Rocky Mountain Section - 68th Annual Meeting - 2016

Paper No. 26-2
Presentation Time: 8:00 AM-5:00 PM

STRAIN ACCOMMODATION WITHIN EMERGING SHEAR ZONES: INSIGHTS FROM THE CENTENNIAL SHEAR ZONE, MONTANA AND IDAHO


PARKER, Stuart D., Structural Geology, University of Montana, 228 S 6th St W, Missoula, MT 59801, stuart.parker@umontana.edu

Dextral shear has been proposed as a mode of strain accommodation between the Centennial tectonic belt and the eastern Snake River Plain, yet no throughgoing strike-slip fault has been identified. A thick conglomerate of Neogene age constrains the Centennial shear zone hypothesis. Strain is distributed across numerous high angle conjugate strike-slip faults sub parallel to the orientation of maximum principle stress (σ1).

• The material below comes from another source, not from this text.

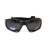 Сонцезахисні окуляри BluWater Hydro Polarized (Dark Gray) Anti-Fog Чорні лінзи в чорній оправі (BW-HYD-SD12)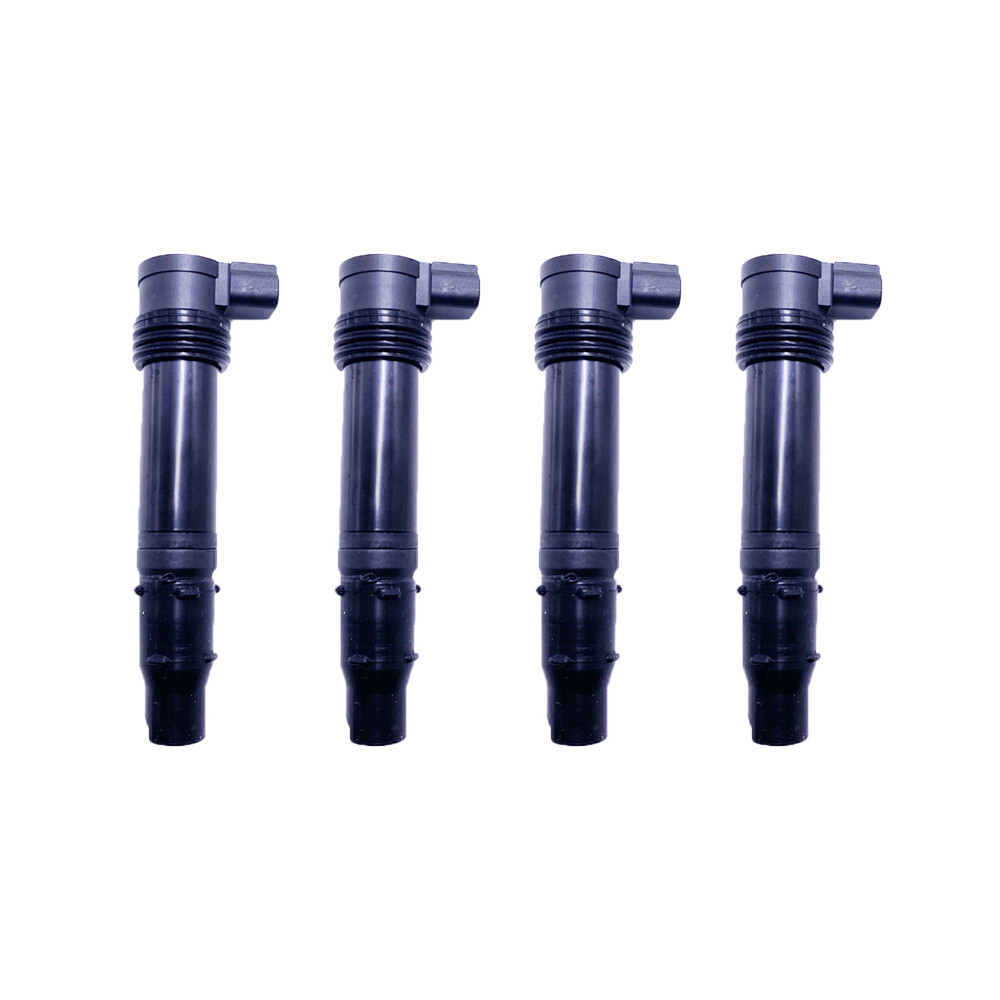 4X Ignition Coil 21171-0021 21171-1282 For 03-18 NINJA ZX-6R 03-06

Shear experiments suggest that inherited fractures suppress formation of a throughgoing strike-slip fault. Subcritical offset and inherited structures have suppressed throughgoing strike-slip fault formation within the 2 Ma Centennial shear zone. Strain is distributed among a wide yet discrete primary deformation zone (PDZ). Results of this study illustrate fundamentally unique kinematics of emerging shear zones. Strain is distributed among many high angle, possibly conjugate, strike-slip faults that sub-parallel σ1 and the PDZ. Deformation features are unorganized until total offset collapses strain upon a single linked fault. For these reasons, emerging and immature shear zones lack characteristic offset topography and centralized fault geometries of developed systems, bearing little resemblance to classical models of shear.